In Damaskus spitzt sich die Lage dramatisch zu: Seit zwei Tagen liefern sich in der syrischen Hauptstadt Rebellen und Regierungstruppen Gefechte. Aktivisten berichteten von dem Beschuss von Stadtteilen und vorrückenden Panzern der Armee. Es handle sich um die "heftigsten Kämpfe bisher in Damaskus".
Gepanzerte Fahrzeuge und Schützenpanzer rollten nach Berichten von Augenzeugen am Montag in den südlichen Stadtbezirk Midan, wo es zu heftigen Gefechten zwischen der Armee und Rebellen kam. Auf den Dächern bezogen Scharfschützen Position. Bewohner sprachen von den heftigsten Kämpfen seit Beginn der gewaltsamen Auseinandersetzungen.
In den Straßen mehrerer Stadtteile war den Angaben zufolge der Gefechtslärm schwerer Waffen und Explosionen zu hören. Die Regierungstruppen schlossen nach Darstellung von Augenzeugen die Straße zum Flughafen. Nach Angaben von Oppositionellen starben am Sonntag mindestens fünf Menschen, viele seien verletzt worden. Über die Zahl der Opfer am Montag gab es zunächst keine Informationen. Die meisten Berichte aus dem Kampfgebiet stammen von Aktivisten der Opposition und Bewohnern. Journalisten haben offiziell keinen Zugang.

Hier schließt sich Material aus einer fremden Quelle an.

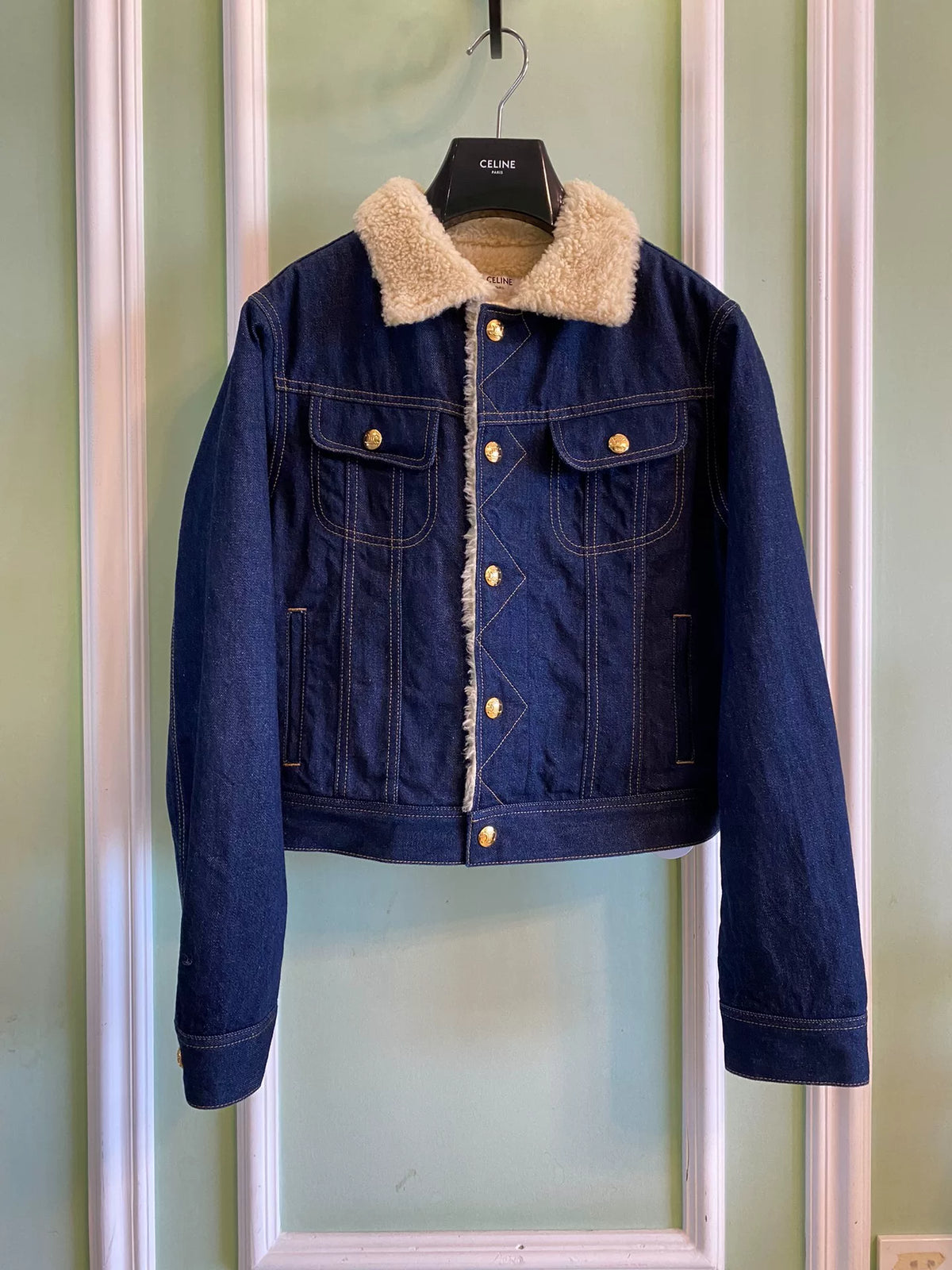 Celine Denim Shearling Collar Jacket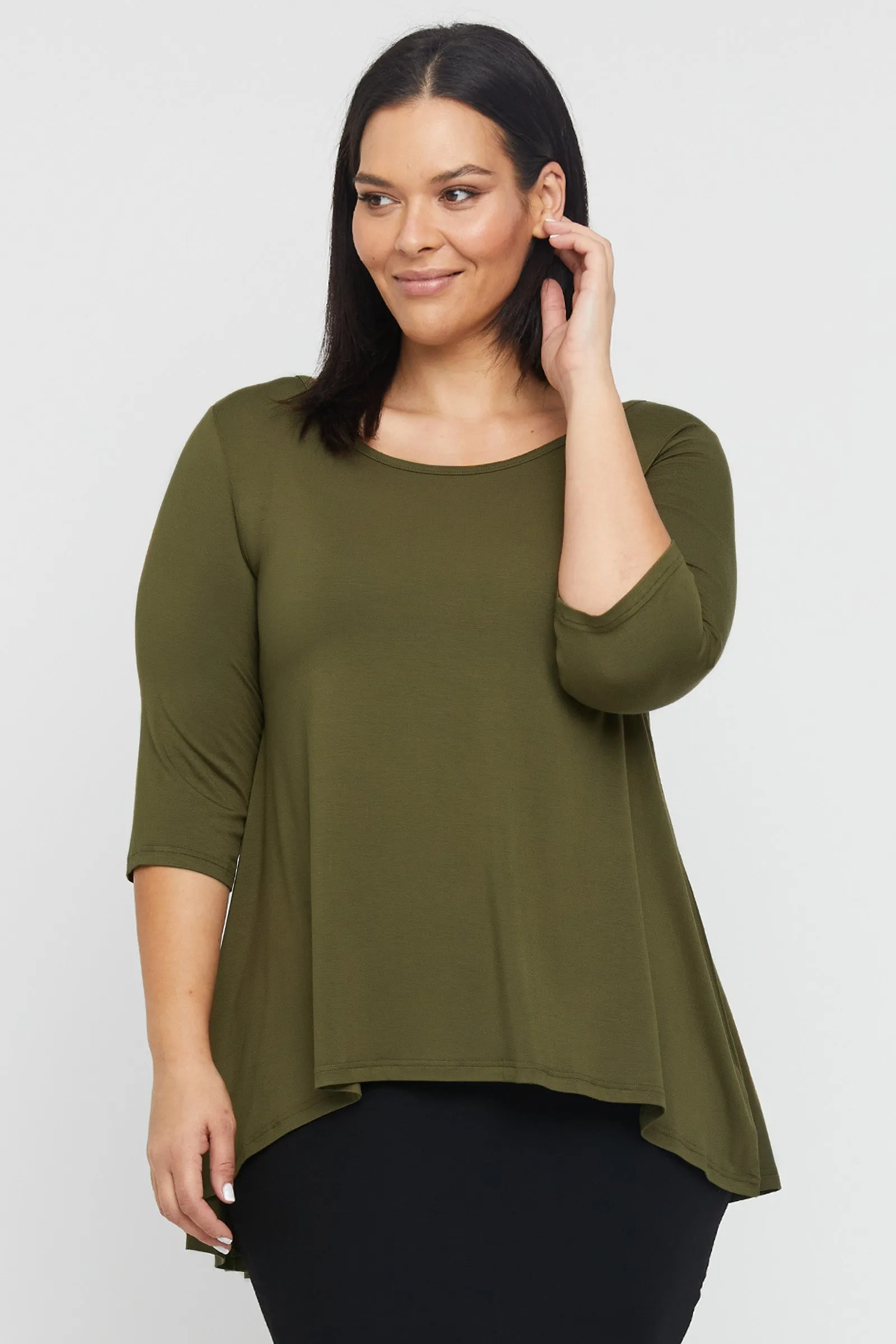 Hi Lo Hem Top - Dark Olive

Bewohner errichten Straßenbarrikaden
"Die Sicherheitskräfte sind in das Wohngebiet eingerückt, das ist ein richtiger Krieg, was da abläuft", sagte ein Bewohner Midans. Auf einem Internetvideo, das aus dem Stadtbezirk stammen soll, sind Schüsse schwerer Maschinengewehre zu hören. Bewohner sollen Straßen mit Barrikaden blockiert haben, um den Truppen den Weg nach Midan zu erschweren, wo vor allem Sunniten leben. In dem Konflikt spielen seit einiger Zeit die Differenzen zwischen den Religionsgruppen eine zunehmende Rolle. Die Führung um Präsident Bashar al-Assad sind Alawiten. Viele Aufständische sind Sunniten.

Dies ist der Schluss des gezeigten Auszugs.